Abmelden aus sozialen Netzwerken

Hamburg (dpa/tmn) - Ein Profil bei sozialen Netzwerken ist mit wenigen Klicks erstellt. Wer es löschen will, hat es aber schwer: Denn Facebook und Co. versuchen alles, um ihre Mitglieder zu halten - gerne auch mit emotionaler Ansprache.

„Für meine Freunde war das eine große Umstellung“, sagt Frauke Lüpke-Narberhaus. Vor zwei Jahren hat die Hamburgerin ein persönliches Experiment gewagt und ihre Accounts in allen sozialen Netzwerken gelöscht. Der Abschied war für die 27-Jährige kein großes Problem, „denn es gibt ja auch E-Mail und Handy“. Ärgerlicher fand sie hingegen, wie kompliziert die Abmeldungen waren: „Der Austritt wird emotional dramatisiert und ist gut versteckt.“

Das Anmelden geht schnell, das Abmelden nicht: Wer ein soziales Online-Netzwerk dauerhaft verlässt, muss einige Hürden überwinden. Dabei gibt es für die Deaktivierung oder Löschung eines Profils gute Gründe, sagt Patrick Wassel vom Arbeitskreis Social Media im Bundesverband Digitale Wirtschaft (BVDW) in Düsseldorf.

Wer zum Beispiel erste Schritte im Arbeitsleben macht, möchte im Internet nicht mehr unbedingt bei Schülerportalen gefunden werden. Aber auch wer schlicht keine Lust mehr hat auf StudiVZ oder Wer-kennt-wen, kann sein Profil löschen - „und hat auch einen gesetzlichen Anspruch darauf“, sagt der Rechtsanwalt Jan Christian Seevogel aus München.

Denn grundsätzlich erfordere die Verwendung personenbezogener Daten eine aktive Zustimmung des Betroffenen.

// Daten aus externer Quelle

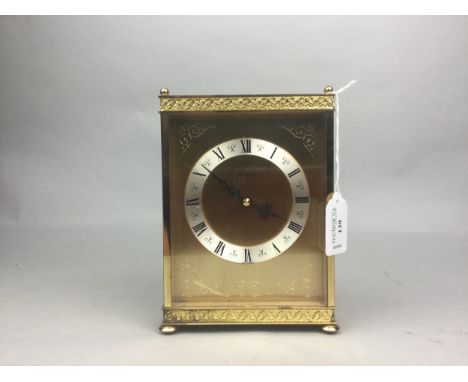 TIMEMASTER GILT CARRIAGE CLOCK, 19cm high, along with a Lincoln Quartz clock (2)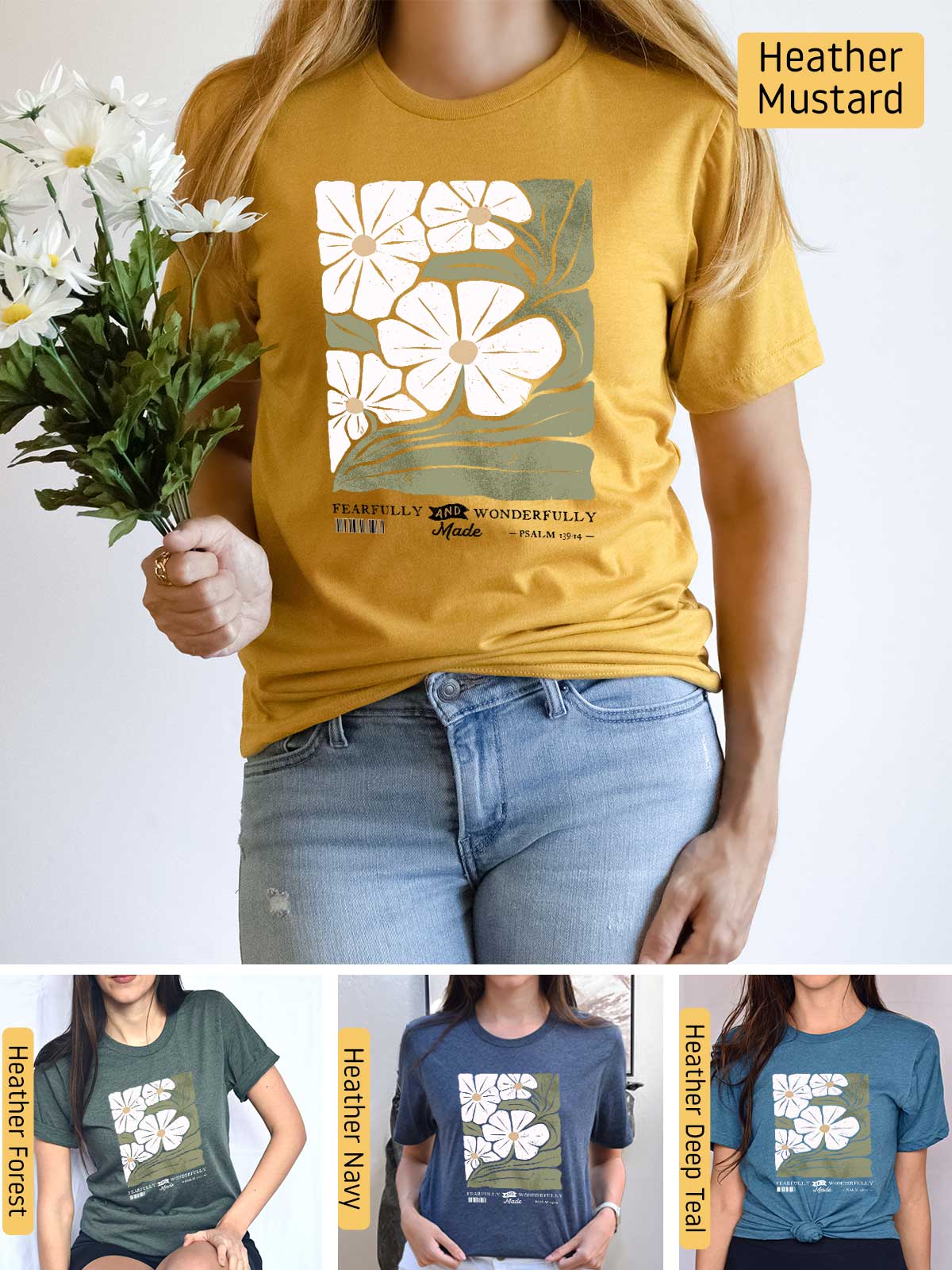 a woman wearing a t - shirt with flowers on it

Diese erteilen Nutzer etwa bei einer Registrierung auf Sozialen Netzwerken. Die Profildaten seien laut Bundesdatenschutzgesetz aber zu löschen, sobald die Speicherung zu keinem bestimmten Zweck mehr erforderlich ist.

„Die Erlaubnis des Nutzers zur Datenverwendung endet prinzipiell mit der Deaktivierung des Accounts, die gleichzeitig die Kündigung des Nutzungsvertrages mit dem Sozialen Netzwerk bedeutet“, erläutert Jurist Seevogel, der selbst eine Social-Media-Plattform zum Thema Recht betreibt.

Bei der Löschung dürfe es keine technischen Hindernisse geben, sagt der in Stuttgart tätige Anwalt Carsten Ulbricht, der auf Rechtsfragen im Internet spezialisiert ist. Zudem seien die Nutzer bei der Anmeldung zwingend über die Möglichkeit aufzuklären, die Zustimmung zur Nutzung personenbezogener Daten zu widerrufen.

Leicht machen es die Anbieter abschiedsbereiten Mitgliedern nicht. Wer seine Daten bei StudiVZ löscht, erhält zum Beispiel die Nachricht „Alle deine Freunde werden dich vermissen - und wir auch!“. Daneben ist eine weinende Frau abgebildet. Und oft ist die Anleitung zum Abschied gut versteckt.

Marktführer Facebook unterscheidet zwischen Löschung und Deaktivierung des Accounts. Wer seine Daten löscht, kann nie mehr darauf zugreifen. Bis zu einer endgültigen Entfernung von den Servern des Unternehmens können nach Angaben eines Sprechers jedoch bis zu 14 Tage vergehen. Anders bei der Deaktivierung: Diese friert das Profil ein und macht es für andere unsichtbar - wer sich erneut einloggt, aktiviert es aber automatisch wieder.

Für viele, vor allem jüngere Nutzer hat die Zugehörigkeit zum Online-Netzwerk elementare Bedeutung und ist der Nabel zur eigenen Bezugsgruppe, erklärt Stefan Drewes, Vorsitzender der Sektion Schulpsychologie im Berufsverband Deutscher Psychologinnen und Psychologen (BDP) in Berlin. Der Austritt sollte daher nicht unüberlegt oder als Reaktion auf ein Ärgernis wie veränderte Datenschutzbestimmungen geschehen. Tauscht sich der gesamte Freundeskreis auf einer Plattform aus, könne der Nutzer sonst von seinem sozialen Netz getrennt werden und sich dadurch isoliert fühlen. „Die Abmeldung ist in diesem Fall vergleichbar mit dem Wegzug aus der Heimatstadt“, erklärt Drewes.